Special Article - Malnutrition
Ann Nutr Disord & Ther. 2016; 3(2): 1034.
Caixia D¹, Wang H², Zhengyu Y³ and Yin SA³*
¹Gansu Center for Disease Control and Prevention, China
²Department of Population Research, China Population and Development Research Center, China
³National Institute for Nutrition and Health, Chinese Center for Disease Control and Prevention, China
*Corresponding author: Yin Shi-an, National Institute for Nutrition and Health, Chinese Center for Disease Control and Prevention, Beijing, China
Received: September 26, 2016; Accepted: November 25, 2016; Published: November 28, 2016
Children are the most vulnerable group to nutrition deficiency, especially for the children under 5 years of age. This paper reviewed the prevalence of malnutrition including stunting, underweight, wasting in past (before reforming and opening-up) and present (after reforming and opening-up) and doubleburden in undernutrition and over-nutrition of Chinese preschool children in future. With fast economic growth, health and nutrition status among the rural population has shown significant improvement in the past decades in China. However, malnutrition of Children remains a large health challenge in some poor and remote rural areas of North-western, South-western and Midwestern provinces of China. At the same time, the co-existence of underuntrition and over-nutrition (overweight and obesity) in both urban and rural areas has been called a “double burden” of disease. The prevalence of overweight and obesity in the urban areas is higher than that in rural areas, while nutrient deficiencies and wasting among rural children are much more common compared to the urban areas. Nutritional improvement for preschool children as public health policies should focus on implementing strategies such as alleviating poverty and improving household economic status, increasing dietary diversity, enhancing mothers’ nutrition education to address these deficiencies among children, carrying out supplementation and food fortification.
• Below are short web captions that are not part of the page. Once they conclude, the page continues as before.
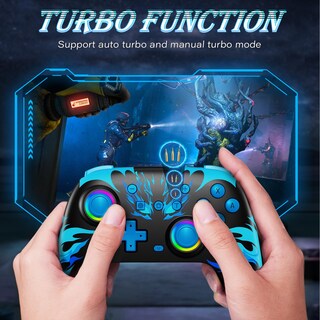 Foto 5 | Foto 5 | Enrojecimiento Del Mando Inalámbrico Switch Pro Para Nintendo Switch - Venta Internacional.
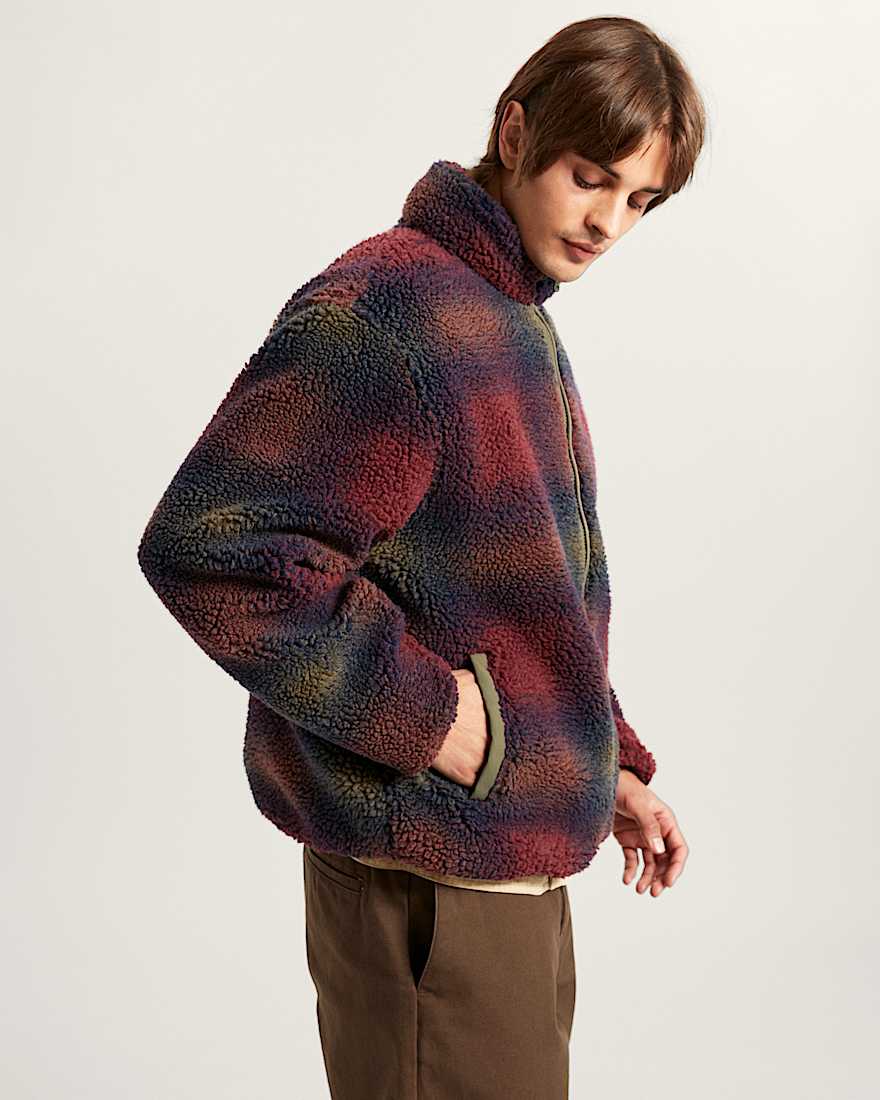 Heights Fleece Fleece mit durchgehendem Reißverschluss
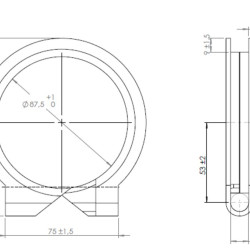 99087   2469264 ΣΦΥΚΤΗΡΑΣ ΕΞΤΑΤΜΙΣΕΩΣ ΔΙΑΜΕΤΡΟ 83-87++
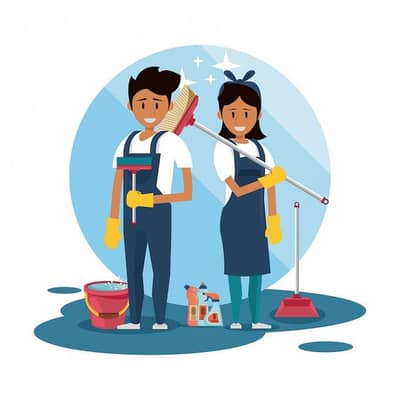 House Job Maid and Cooking baby care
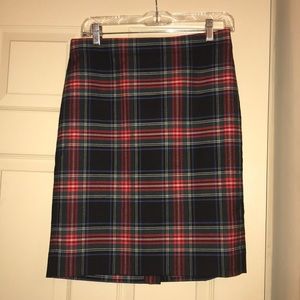 J. Crew pencil skirt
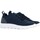 Chaussures Homme Baskets basses Geox Basket à Lacets U Spherica A Knitted Marine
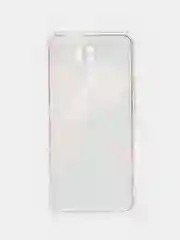 Кораллово-розовый силиконовый чехол для Xiaomi Redmi 9 (Сяоми Редми 9)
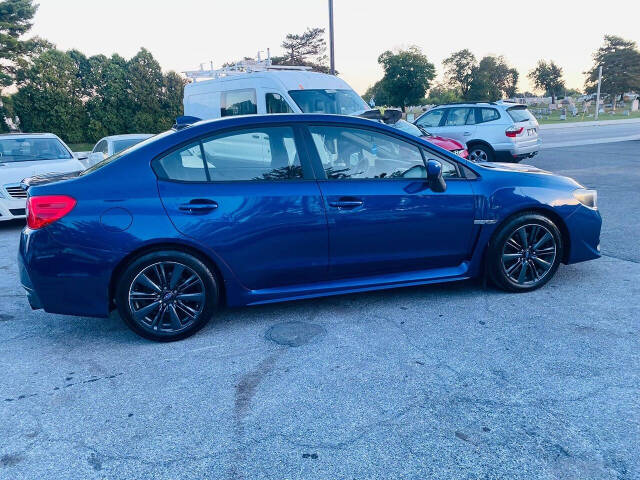 2015 Subaru WRX for sale at Sams Auto Repair & Sales LLC in Harrisburg, PA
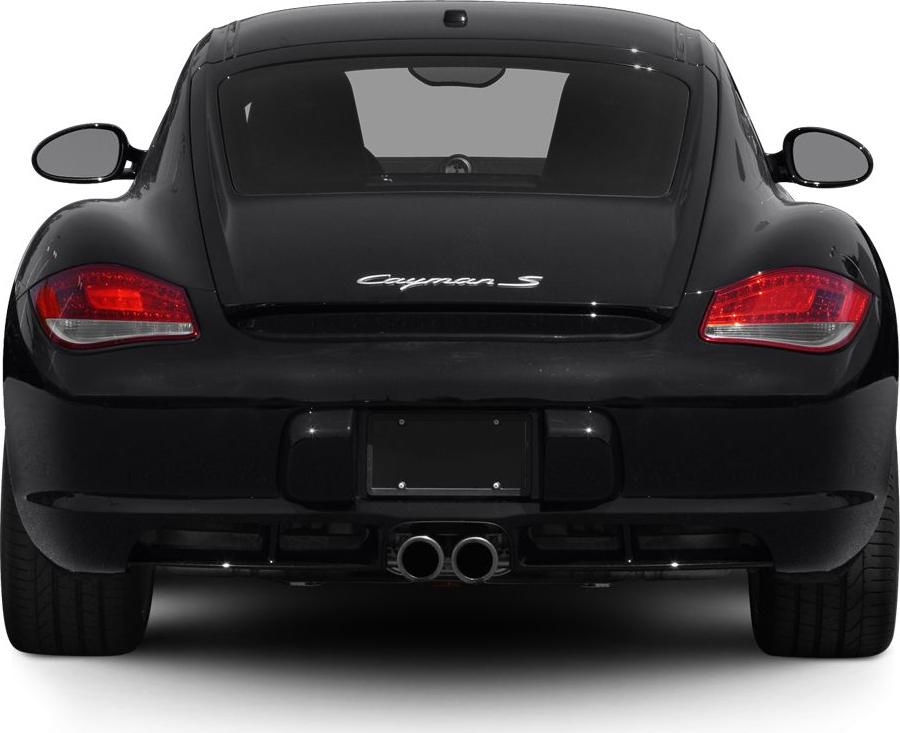 rear view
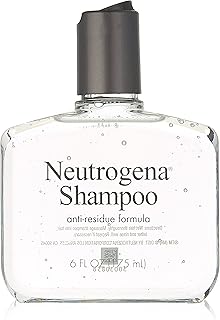 Shampooing anti-résidus neutrogena, 177 ml (pack de 2)
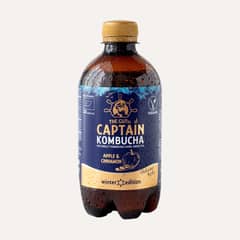 THE GUTSY CAPTAIN - Kombucha Manzana Canela Gutsy Captain - 400 ml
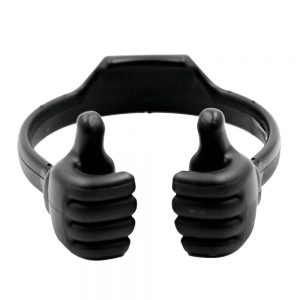 Thumbs-Up Design Mobile, Tablet and Smart Phone Stand/Holder/Rack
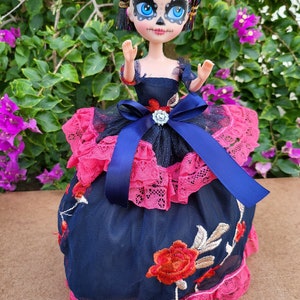 La Catrina Doll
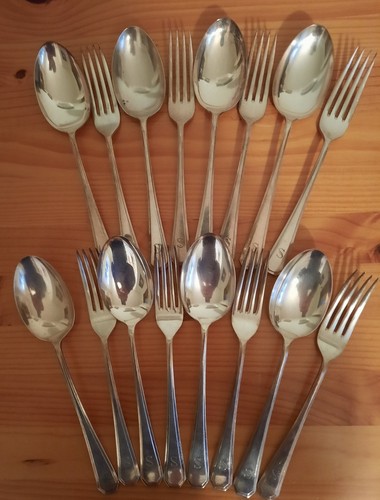 Fourchettes 8 cuillères - et,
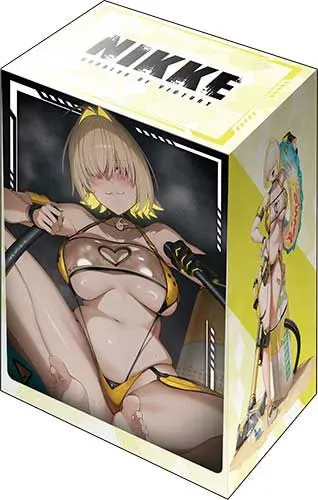 Goddess of Victory: Nikke Deck Box: Deck Holder Collection - Elegg: Boom and Shock (98 x 75 x 65mm)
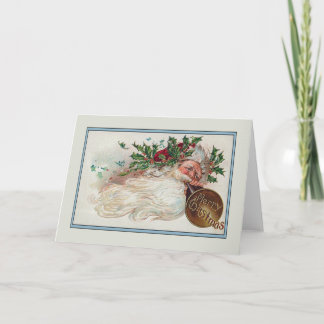 Vintage Christmas Holiday Card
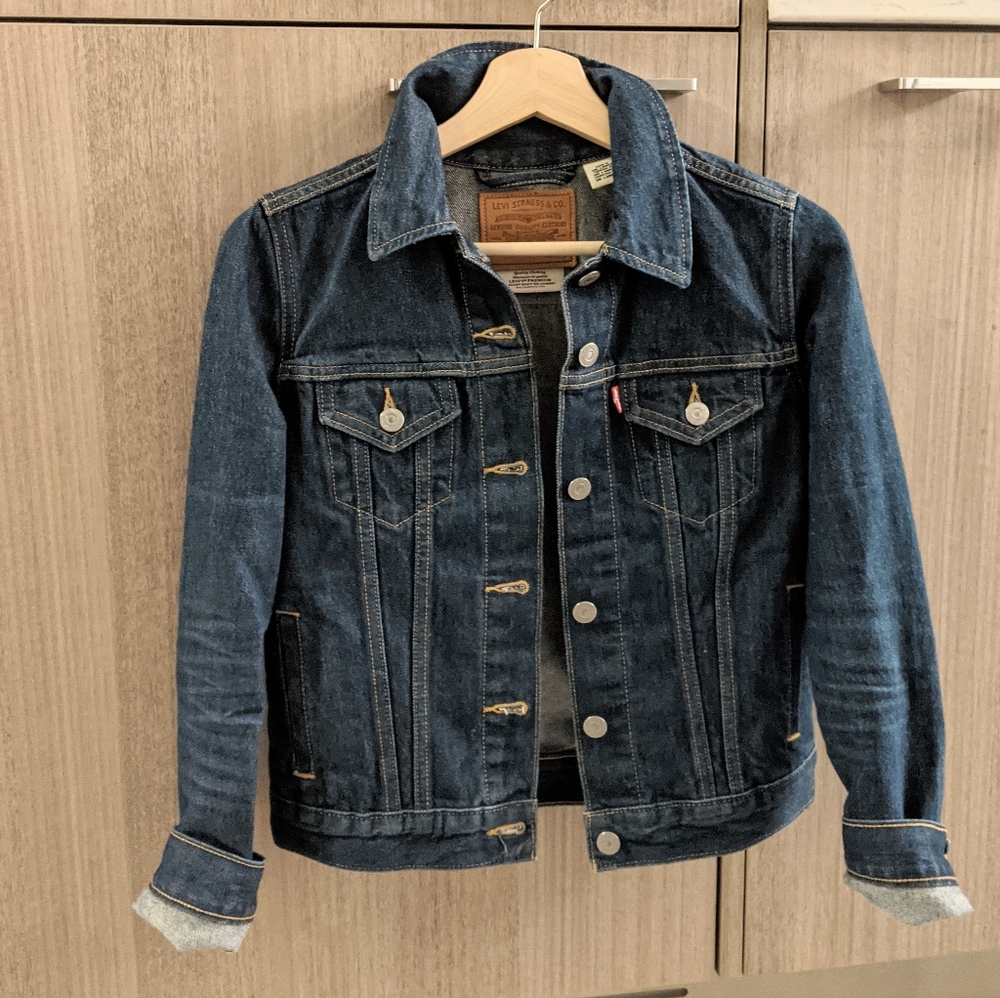 Levis denim jacket - Picture 2 of 3
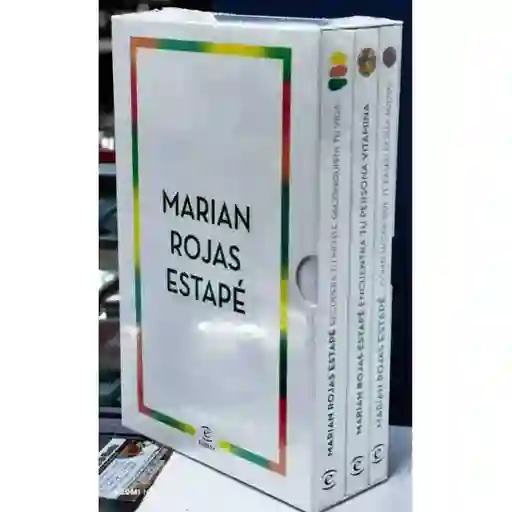 Estuche Marian Rojas Actual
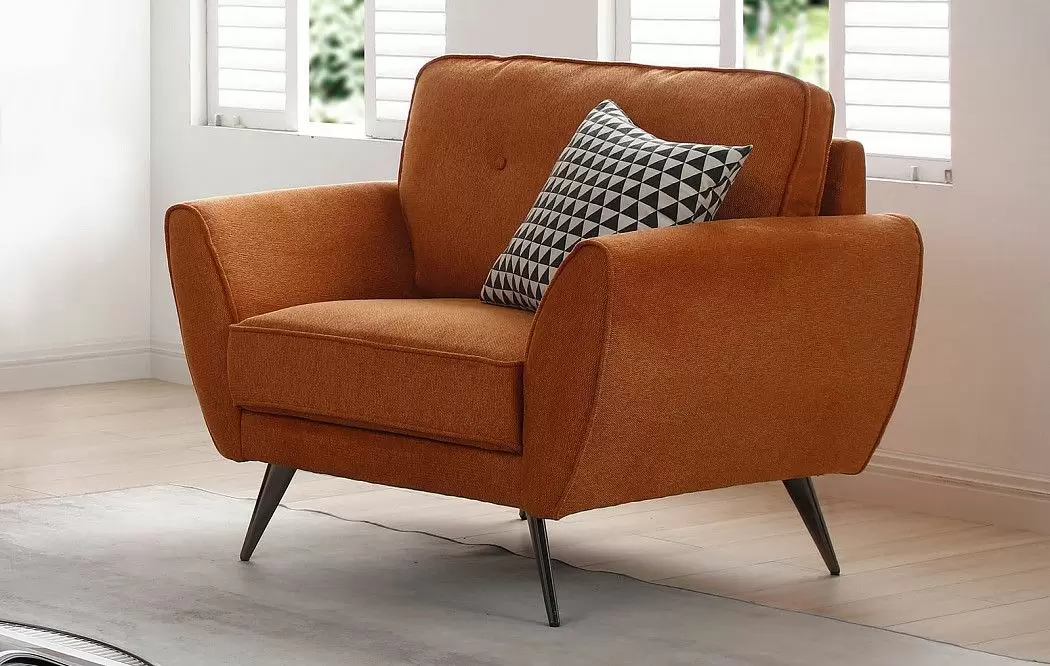Кресло Edinburgh, терракотовый
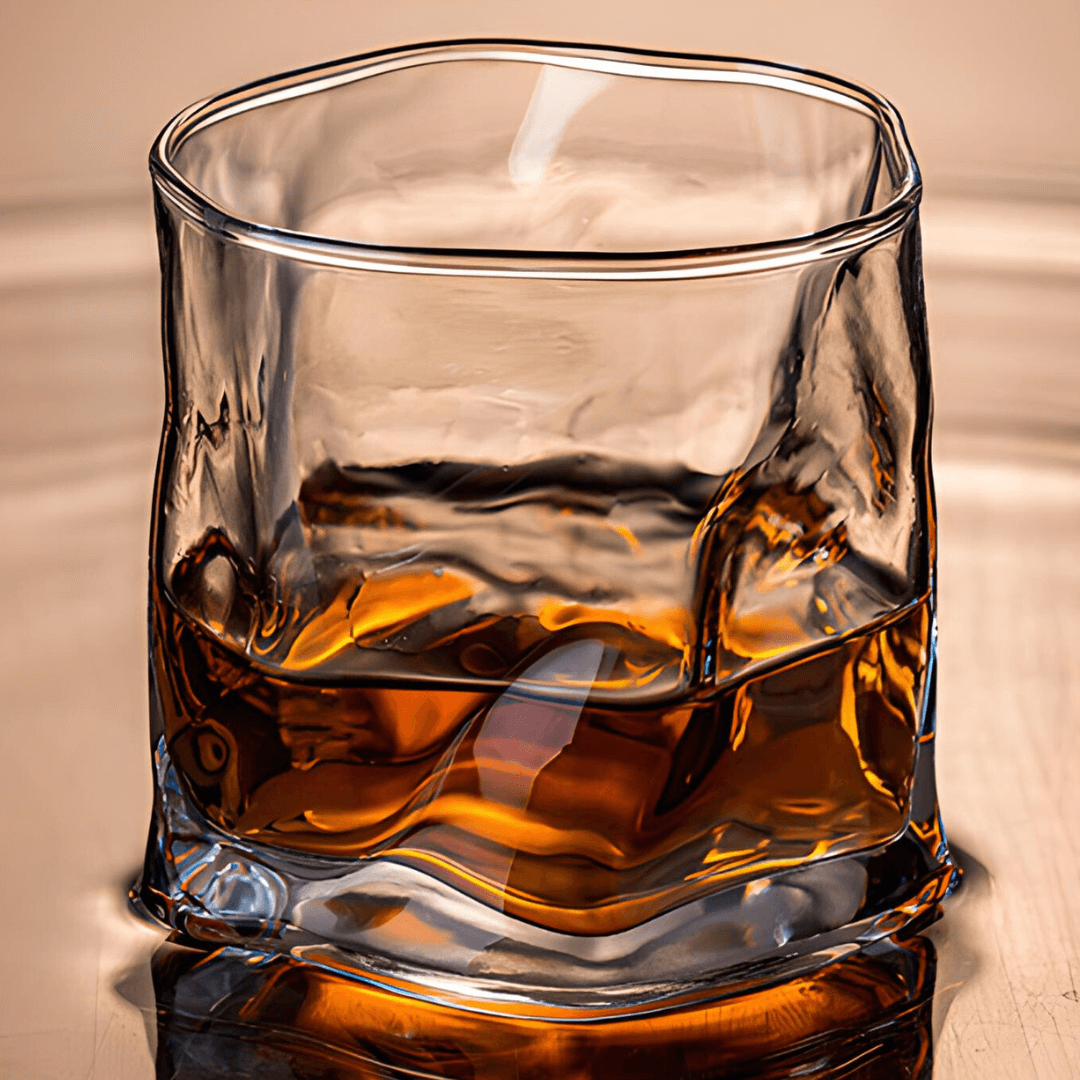 Japans kristallen whiskyglas – Hoshi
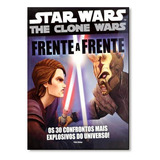 Livro Star Wars The Clone Wars: Os 30 Confrontos Mais Explos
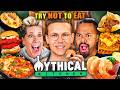 Try Not To Eat Mythical Kitchen Ft Mythical Chef Josh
Keywords: Children; Malnutrition; Double-burden; China
Children are the future for human beings and the foundation of sustainable human development of society. However, children are the most vulnerable group to nutrition deficiency, especially for the children under 5 years of age. Malnutrition in children is still a major health concern worldwide , which could result in the increase of morbidity and mortality of infectious diseases due to the decrease of immune ability [2-5], irreversible damage to the physical and mental health related to cognitive ability of children as well as also adversely long-term impact on economic performance such as the health and working productivity throughout adulthood [1-5]. Moreover, malnutrition prevalence of children is an important indicator of the Millennium Development Goals (MDG) set between 1990 and 2015.
Malnutrition includes stunting, underweight, wasting, and micronutrient deficiencies (vitamins and minerals) in general. Recent years, the term of malnutrition also covers overweight and obesity [6-9]. This article focuses on the prevalence of stunting (height-forage z-score < -2 based on WHO growth standard 2006), underweight (weight-for-age z-score < -2 based on WHO growth standard 2006), wasting (weight-for-height z-score < -2 based on WHO growth standard 2006) in past (before reforming and opening-up) and present (after reforming and opening-up) and double burden in undernutrition and over-nutrition of Chinese preschool children in future.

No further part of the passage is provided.